Data:

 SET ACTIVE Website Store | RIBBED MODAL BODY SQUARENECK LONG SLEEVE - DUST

* * *

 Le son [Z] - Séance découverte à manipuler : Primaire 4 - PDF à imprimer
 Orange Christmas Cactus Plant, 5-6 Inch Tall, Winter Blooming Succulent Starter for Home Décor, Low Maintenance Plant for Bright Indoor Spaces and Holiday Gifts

==

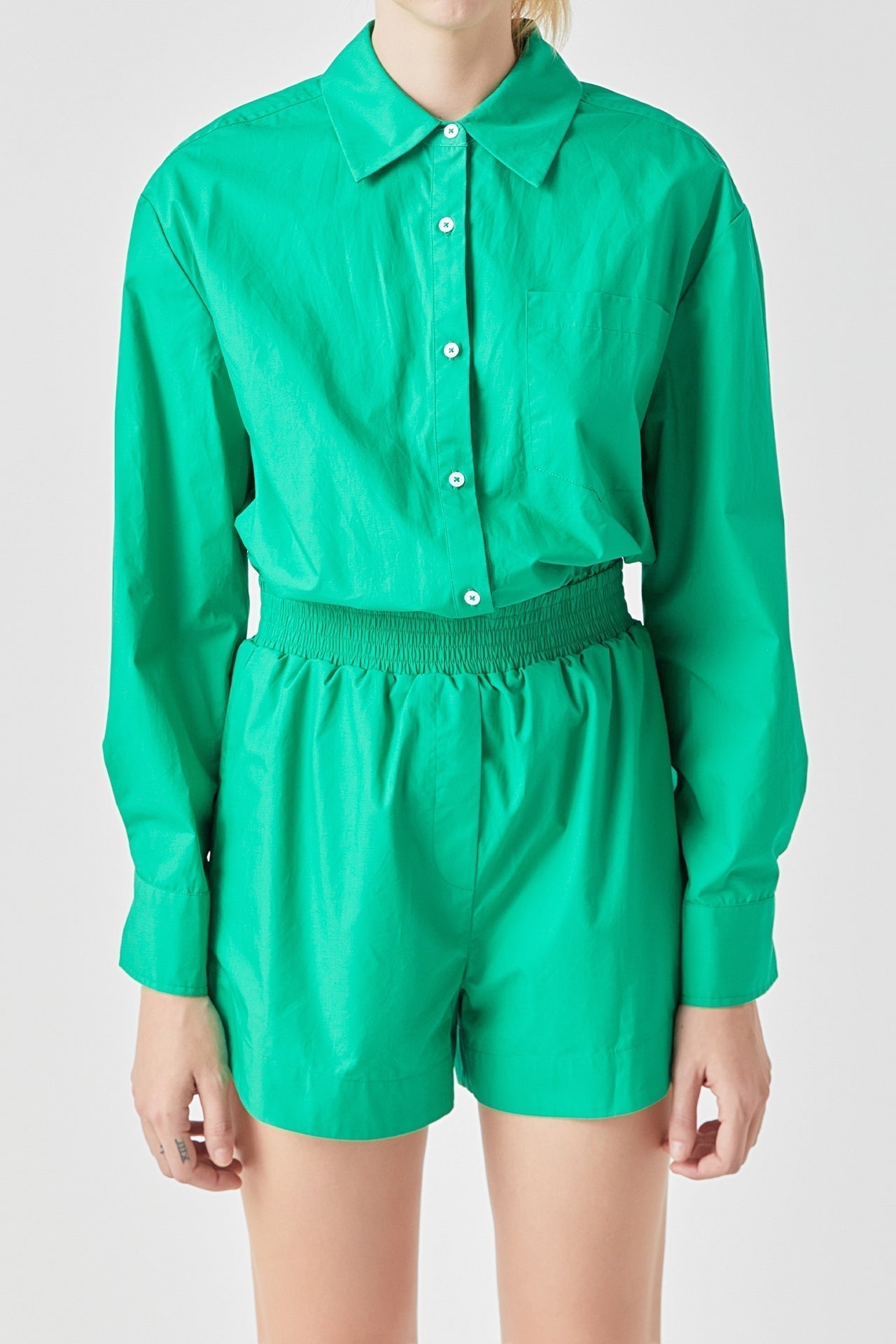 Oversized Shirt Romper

Required work: Of the entries above, transcribe exactly those lines that fall between the line containing "Le son [Z] - Séance" and the line containing "Orange Christmas Cactus", together with those two lines.

The completed task:
 Le son [Z] - Séance découverte à manipuler : Primaire 4 - PDF à imprimer
 Orange Christmas Cactus Plant, 5-6 Inch Tall, Winter Blooming Succulent Starter for Home Décor, Low Maintenance Plant for Bright Indoor Spaces and Holiday Gifts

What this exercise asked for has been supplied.